Task details. Look through the listing below for the line with "Fototapete vertical screen: top" and the line with "6 Lionel motorized". Copy both, along with every line between them, exactly and with no pictures.

Records for the exercise.

Content starts

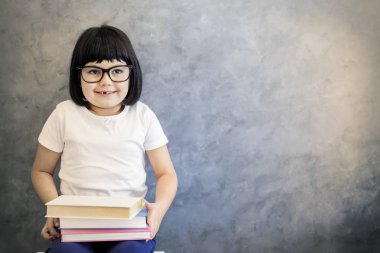 Sevimli siyah saçlı gözlüklü kitap tutan küçük kız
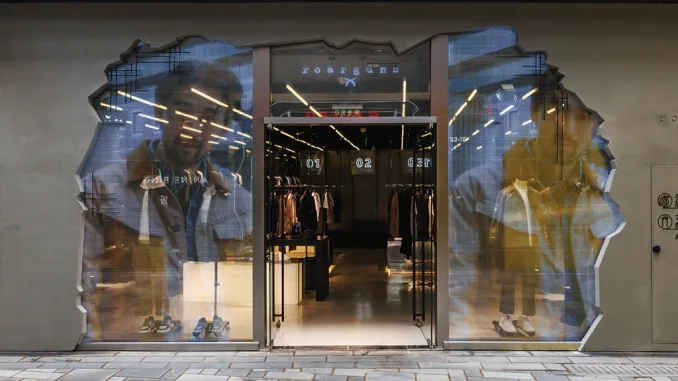 Facciata del concept store futuristico di Roarguns a Pechino con un design in cemento fratturato e schermi trasparenti che proiettano immagini digitali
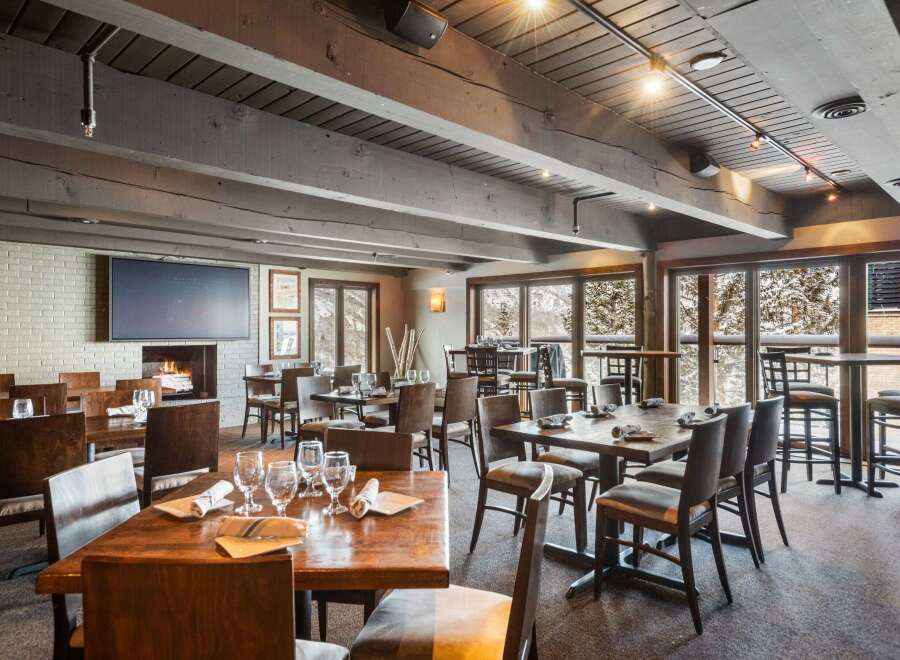 Step into a cozy and inviting restaurant with a rustic charm.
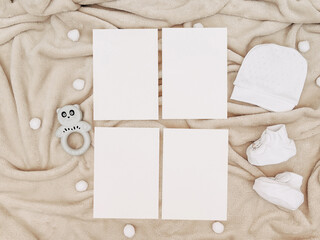 Fototapeta premium Adorable Baby-Themed Mockup with Blank Cards, White Onesie, Fluffy Blanket, and 'Love' Prop – Perfect for Newborn Announcements or Baby Shower Invitations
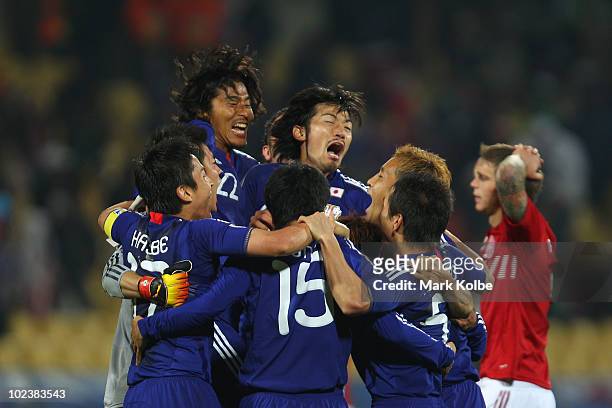 Japan players celebrate victory following the 2010 FIFA World Cup South Africa Group E match between Denmark and Japan at the Royal Bafokeng Stadium...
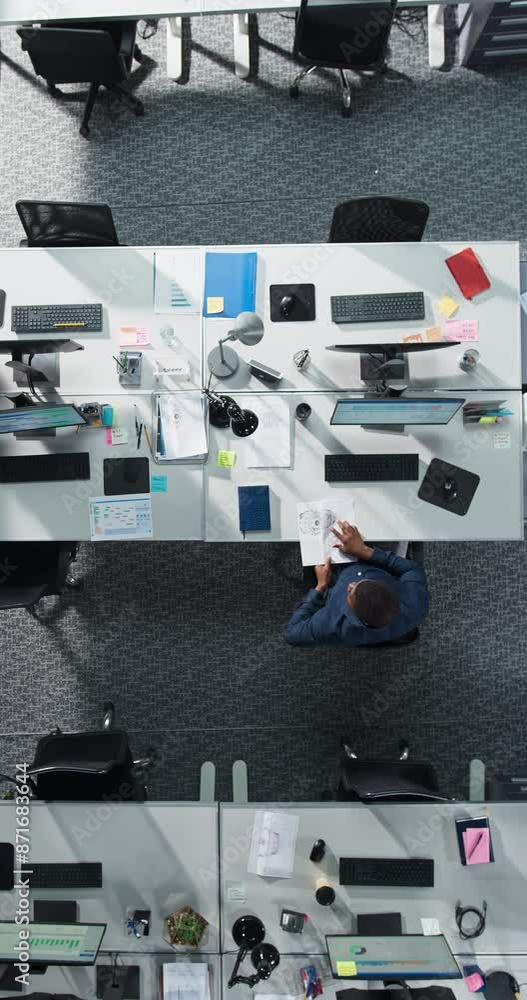 Fototapete vertical screen: top down view of male african american worker staying late at work alone in a corpo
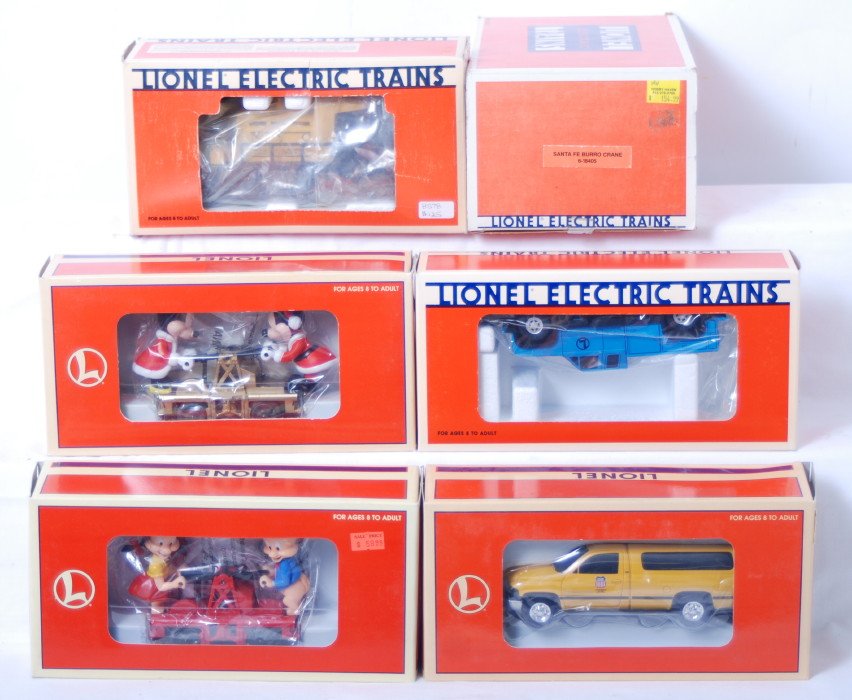 6 Lionel motorized units 18405, 8578, 18433, etc: Lionel modern O gauge motorized units in OBs. Includes 18405 Santa Fe burro crane (small piece of broken plastic), 8578 New York Central ballast tamper, 18433 Mickey hand car, 18439 Union Pacific Dodg
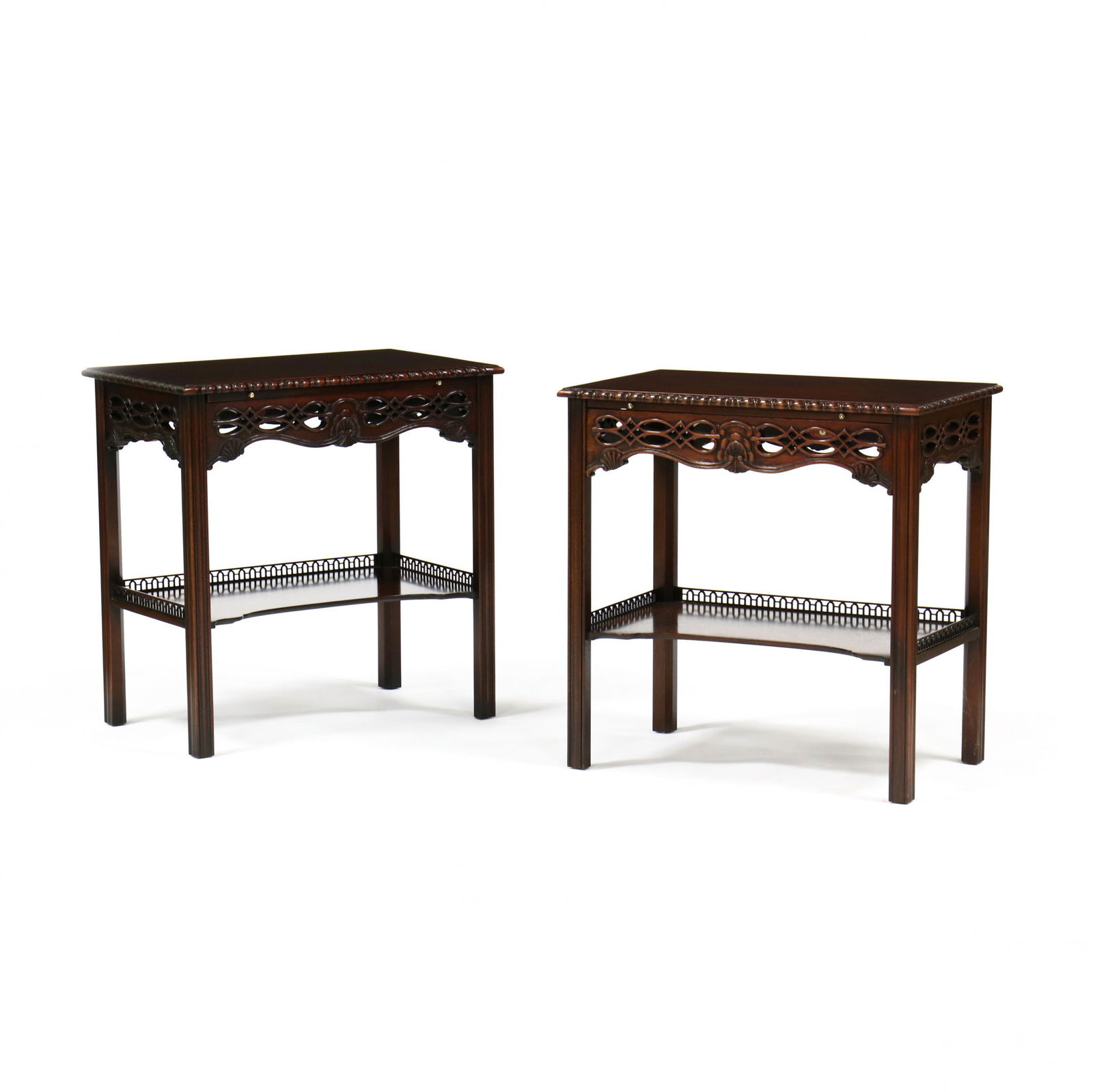 Wellington Hall, Pair of Chinese Chippendale Style: Wellington Hall, Pair of Chinese Chippendale Style Mahogany Tea Tableslate 20th century, rectangular form, carved rope twist edge, reticulated and shell-carved skirt, with pull-out slide, shaped lower
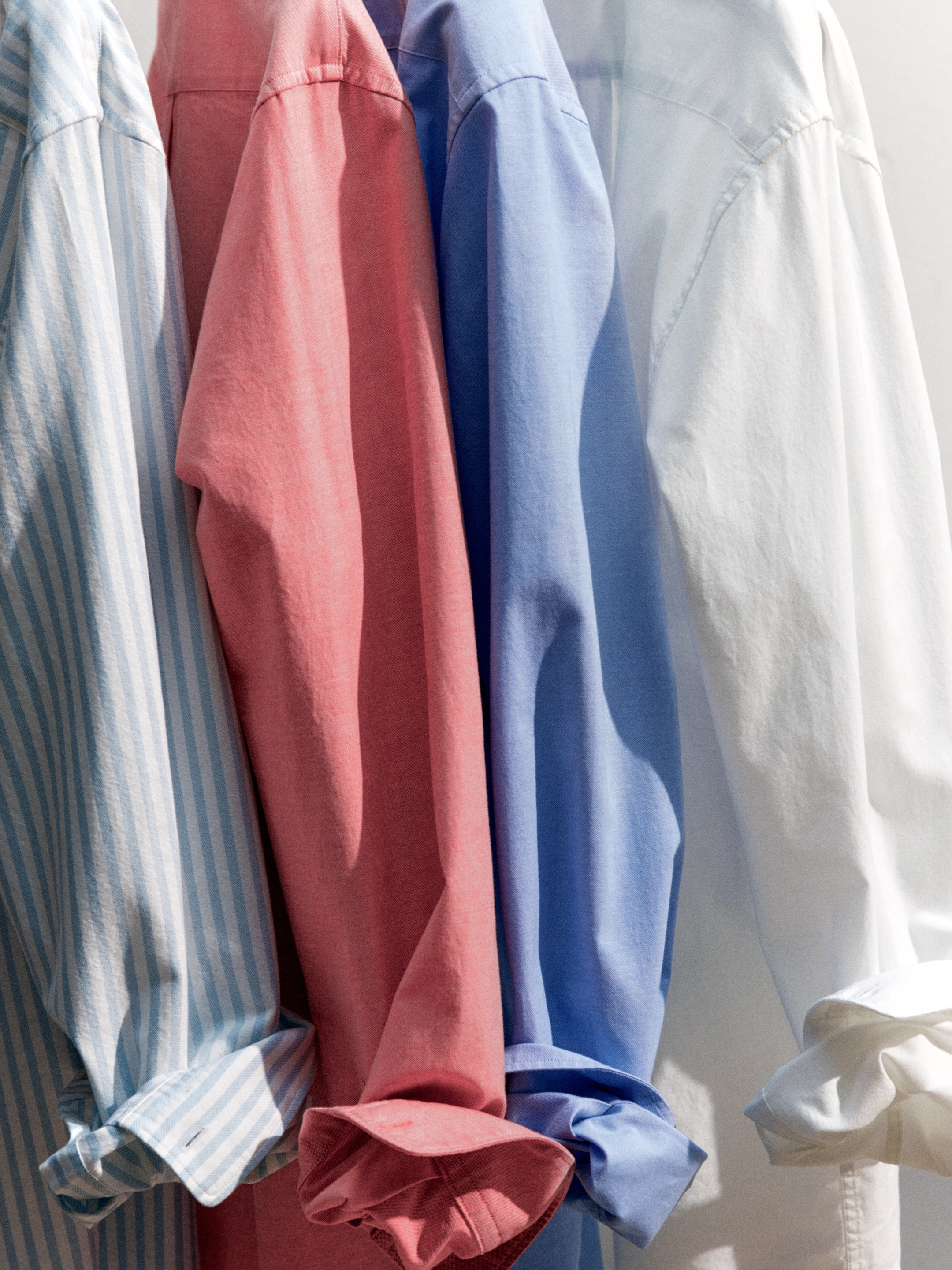 Four shirts hanging side by side: blue striped, pink, blue, and white, with rolled-up sleeves, illuminated by soft light.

Content ends

Result.
 Fototapete vertical screen: top down view of male african american worker staying late at work alone in a corpo
 6 Lionel motorized units 18405, 8578, 18433, etc: Lionel modern O gauge motorized units in OBs. Includes 18405 Santa Fe burro crane (small piece of broken plastic), 8578 New York Central ballast tamper, 18433 Mickey hand car, 18439 Union Pacific Dodg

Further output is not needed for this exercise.